Actress Lori Loughlin and her fashion designer husband are pleading not guilty in the college admissions bribery scam, the U.S. Attorney’s Office confirmed Monday.
The celebrity couple, along with eight other parents, filed documents in U.S. District Court in Boston on Monday to waive their right to appear for an arraignment, and asked the court to enter the not guilty plea on their behalf. It is not immediately clear whether the judge will accept their request or force the parents to appear in court.
Loughlin, the 54-year-old actress best known for playing Aunt Becky on Full House, and her husband, Mossimo Giannulli, have been accused of paying William Singer $500,000 to get their two daughters admitted to USC as crew recruits, even though neither teen had participated in the sport. The alleged payment was made out to Key Worldwide Foundation, a non-profit organization run by Singer.
The not guilty plea comes just days after Loughlin and more than a dozen other parents were slapped with additional fraud and money laundering charges by a federal grand jury for their alleged roles in what has been described as the “largest college admissions scam prosecuted by the Justice Department.”
The 16 parents charged in a second superseding indictment last Tuesday now face several charges, including conspiracy to commit mail and wire fraud, honest services mail and wire fraud, and conspiracy to commit money laundering. According to the documents filed Monday, Lori and Giannulli also waived their right to appear in court for their arraignment on charges in the superseding indictment arraignment.
Prosecutors allege the parents charged paid admissions consultant William “Rick” Singer, 58, more than $25 million total to rig test scores, cheat on standardized tests, and bribe college coaches —all with the goal of getting their children into elite universities. Among the charged was fellow actress Felicity Huffman, who pleaded guilty to her role in the scam last week.
“I have some concerns and want to fully understand that game plan to make sure we have a roadmap for success as it relates to [our older daughter] and getting her into a school other than ASU!” Giannulli allegedly wrote in an email to Singer, according to Tuesday’s indictment.
Both daughters, YouTube star Olivia Jade and Bella, have left the school since the scandal erupted, and several beauty brands have dropped the elder daughter from advertisement deals. The Hallmark Channel also cut ties with Loughlin.
According to People magazine, Loughlin and her husband are reportedly reluctant to plead guilty because of how it would affect their relationship with their two daughters.
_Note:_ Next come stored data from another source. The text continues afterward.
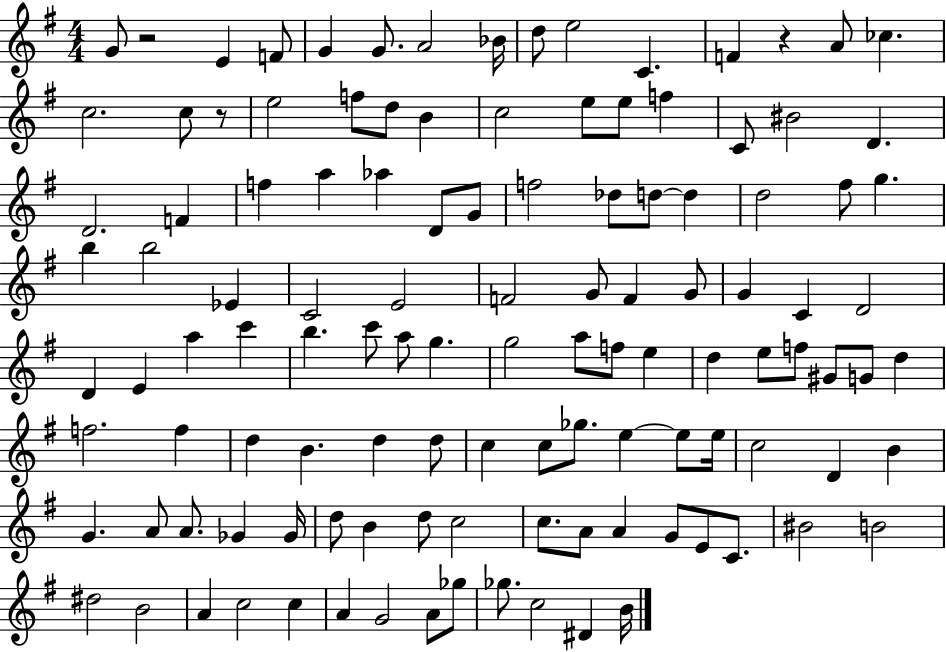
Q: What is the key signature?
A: G major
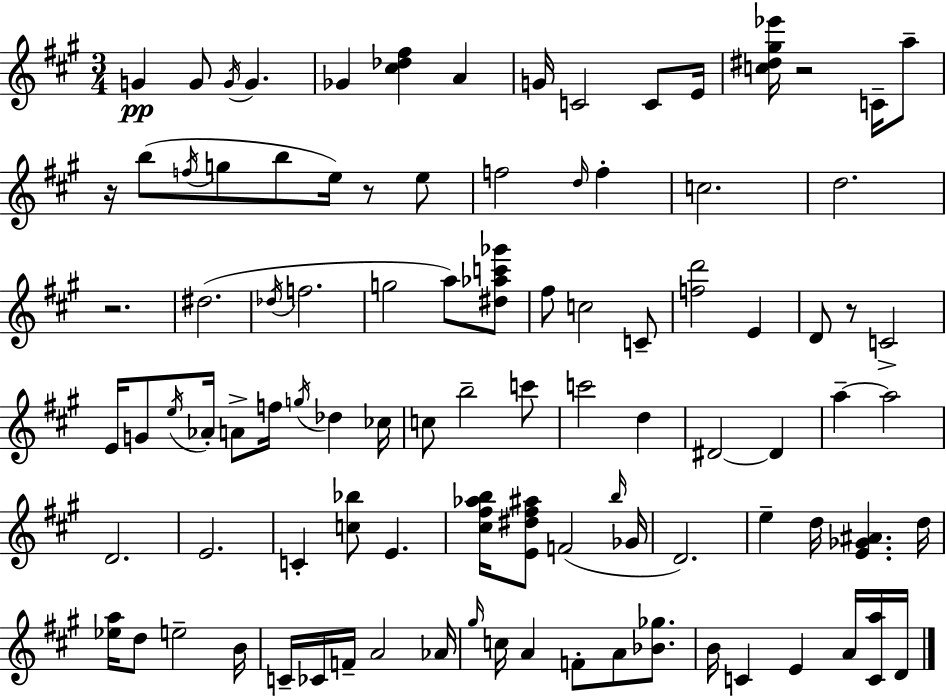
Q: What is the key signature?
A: A major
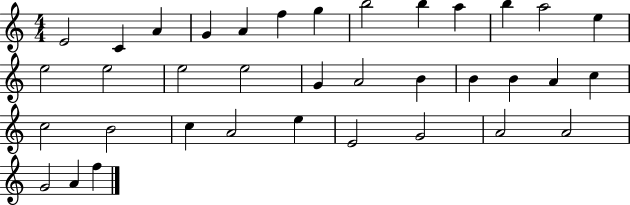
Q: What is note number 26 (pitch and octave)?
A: B4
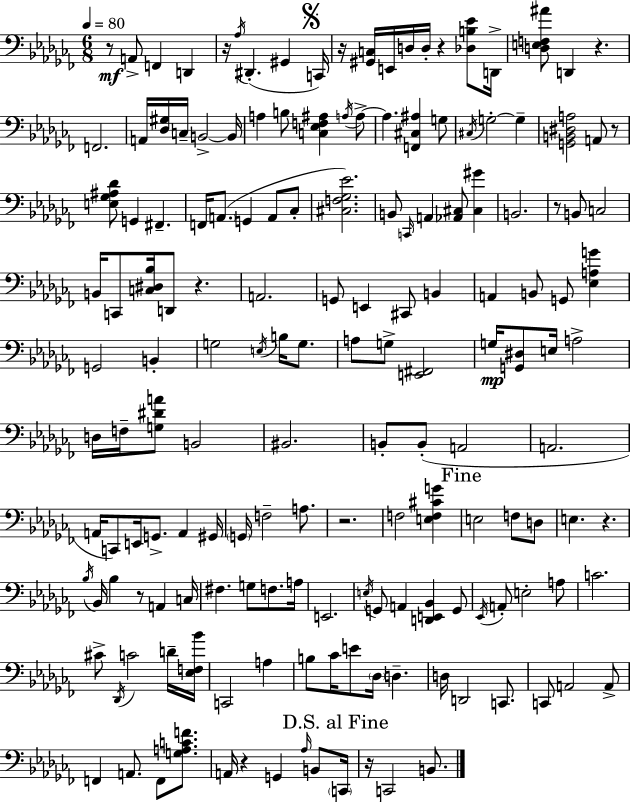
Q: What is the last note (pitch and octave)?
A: B2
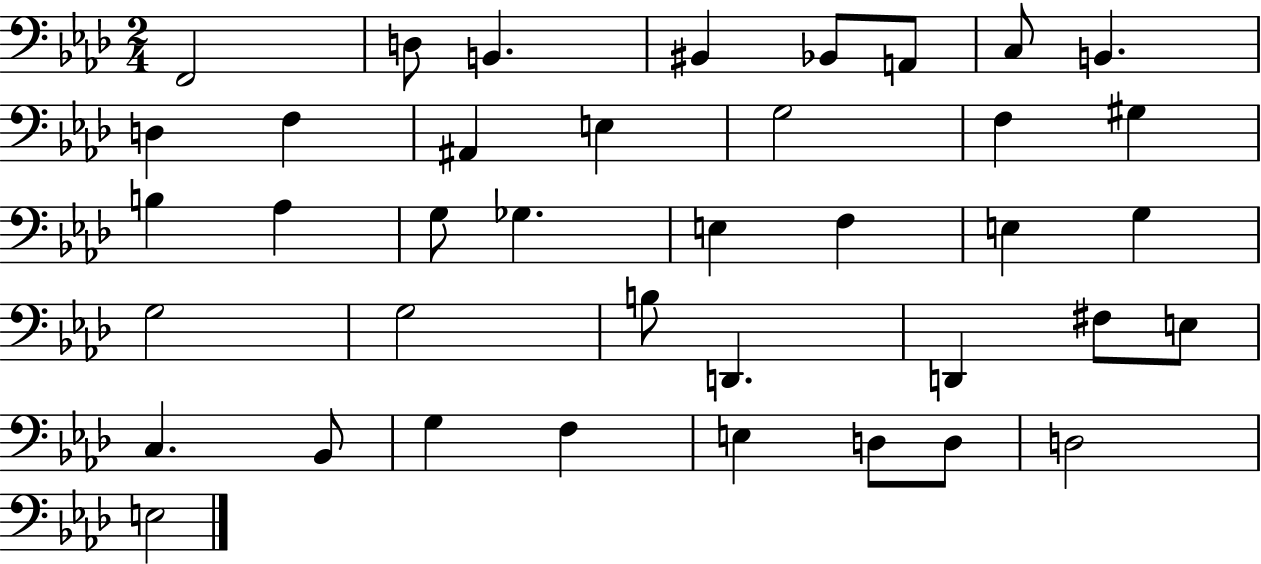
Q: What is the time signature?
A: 2/4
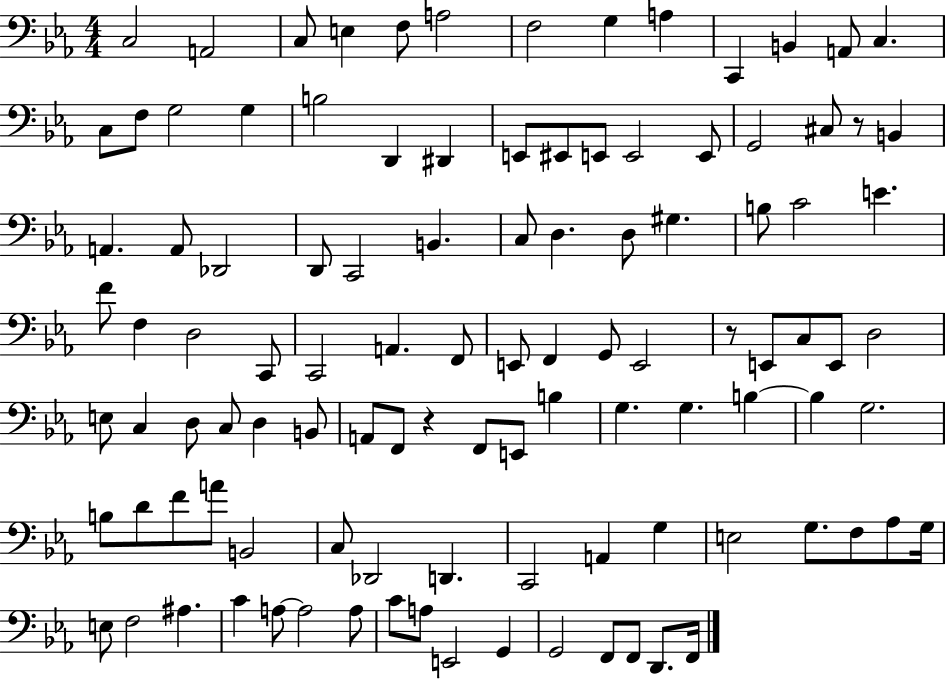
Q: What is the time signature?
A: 4/4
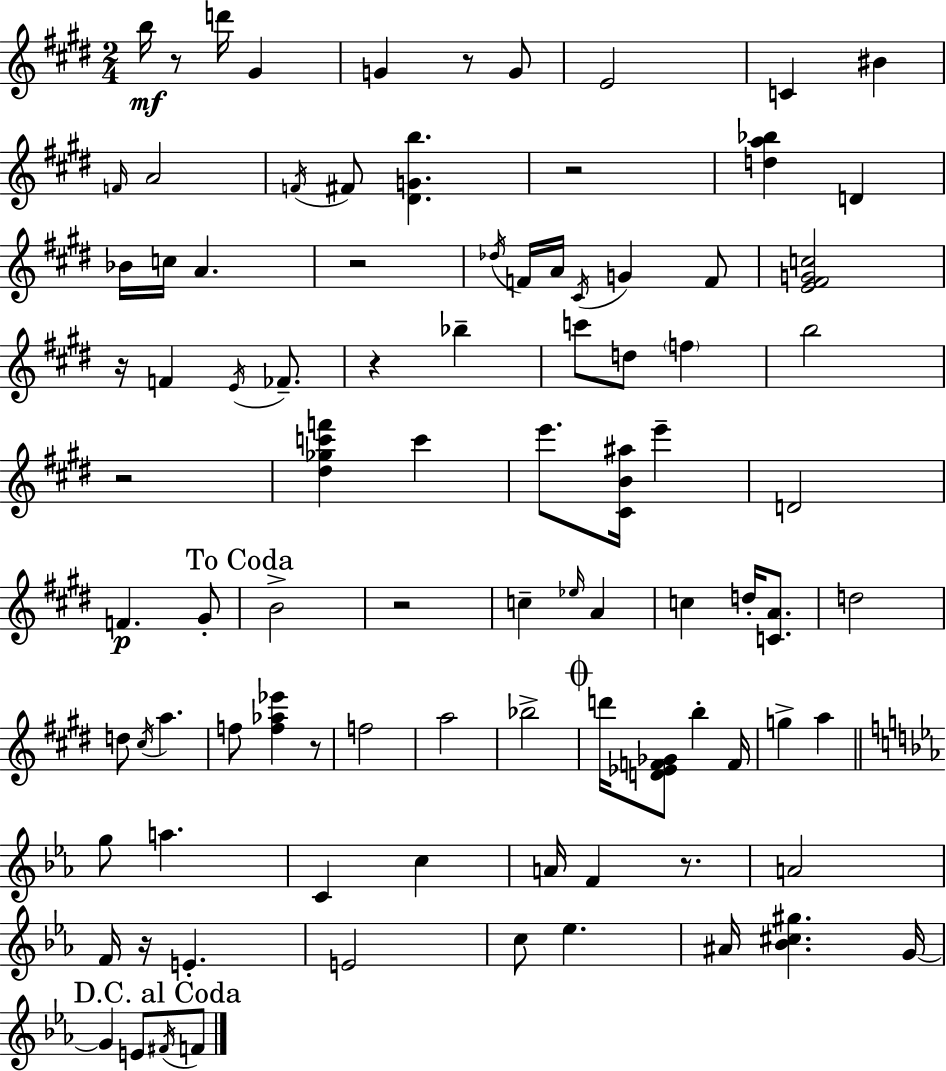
X:1
T:Untitled
M:2/4
L:1/4
K:E
b/4 z/2 d'/4 ^G G z/2 G/2 E2 C ^B F/4 A2 F/4 ^F/2 [^DGb] z2 [da_b] D _B/4 c/4 A z2 _d/4 F/4 A/4 ^C/4 G F/2 [E^FGc]2 z/4 F E/4 _F/2 z _b c'/2 d/2 f b2 z2 [^d_gc'f'] c' e'/2 [^CB^a]/4 e' D2 F ^G/2 B2 z2 c _e/4 A c d/4 [CA]/2 d2 d/2 ^c/4 a f/2 [f_a_e'] z/2 f2 a2 _b2 d'/4 [D_EF_G]/2 b F/4 g a g/2 a C c A/4 F z/2 A2 F/4 z/4 E E2 c/2 _e ^A/4 [_B^c^g] G/4 G E/2 ^F/4 F/2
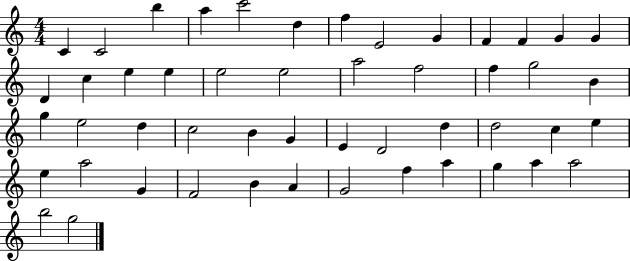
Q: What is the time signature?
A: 4/4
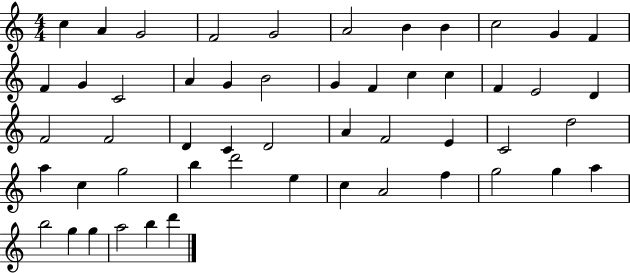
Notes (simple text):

C5/q A4/q G4/h F4/h G4/h A4/h B4/q B4/q C5/h G4/q F4/q F4/q G4/q C4/h A4/q G4/q B4/h G4/q F4/q C5/q C5/q F4/q E4/h D4/q F4/h F4/h D4/q C4/q D4/h A4/q F4/h E4/q C4/h D5/h A5/q C5/q G5/h B5/q D6/h E5/q C5/q A4/h F5/q G5/h G5/q A5/q B5/h G5/q G5/q A5/h B5/q D6/q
“She is very concerned about what a guilty plea would do to her daughters, who may not have grasped everything that was going on,” an unnamed source told the publication on Saturday. “Yes, she can think about the public perception of her, but that’s nothing compared to what her daughters think of her. So that is something that has understandably made her less likely to enter a plea.”
Representatives for Loughlin and Giannulli did not immediately respond to The Daily Beast’s request for comment.